T-wave, AP, and [Ca²⁺]_i alternans.

Alternans have not been previously reported in MCT-treated animals. A major novel finding of our study is that the failing, hypertensive RV displays alternans, traceable from [Ca²⁺]_i transients in single myocytes, to discordant AP parameters in isolated hearts, to the T-wave of the in vivo ECG. Furthermore, these alternans coexist with mechanisms previously shown to provoke them (see below).

Presence of mechanisms that generate alternans.

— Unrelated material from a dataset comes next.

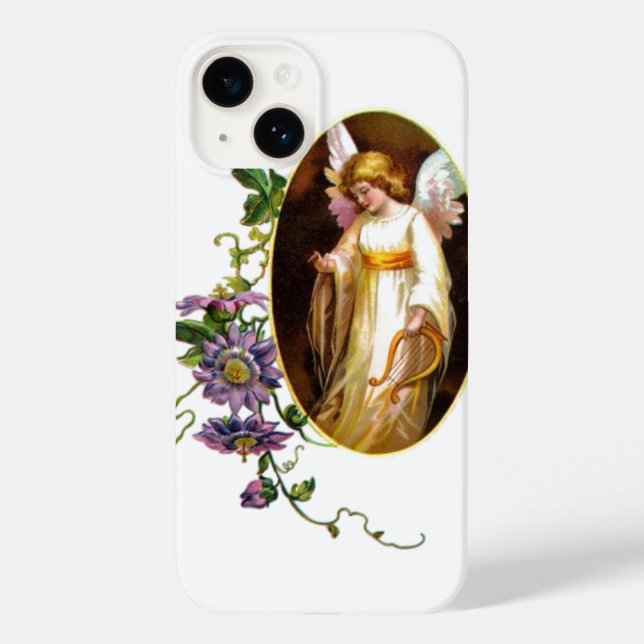 Coques Case-Mate iPhone Angel Avec Harpe Et Fleurs Clematis (Verso)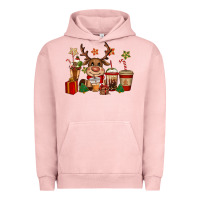 Pigment Salmon reindeer coffe cups christmas Urban Hoodie - CowGirlArtShop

Increased electrical heterogeneity and steeper electrical restitution (1, 32, 53) increase the probability of alternans and arrhythmias (see the Introduction and Refs. 1, 32, and 53). These properties were demonstrated in FAIL animals as an increase in T_pe of the ECG, indicating increased global dispersion of APD (2, 44) and increased RV dispersion of APD in optically mapped, isolated FAIL hearts. The slope of APD restitution in FAIL hearts exceeded 1, a value linked with critical instability of APD and diastolic interval and with susceptibility to alternans and arrhythmias (49). Furthermore, we showed that the steeper APD restitution is an intrinsic property of FAIL RV myocytes. It is worth noting that optical AP amplitude alternans do not correspond to transmembrane AP amplitude alternans. Instead, they indicate alternating fluorescence intensity levels, which may be caused by intramural conduction alternans or even 2:1 conduction block (43).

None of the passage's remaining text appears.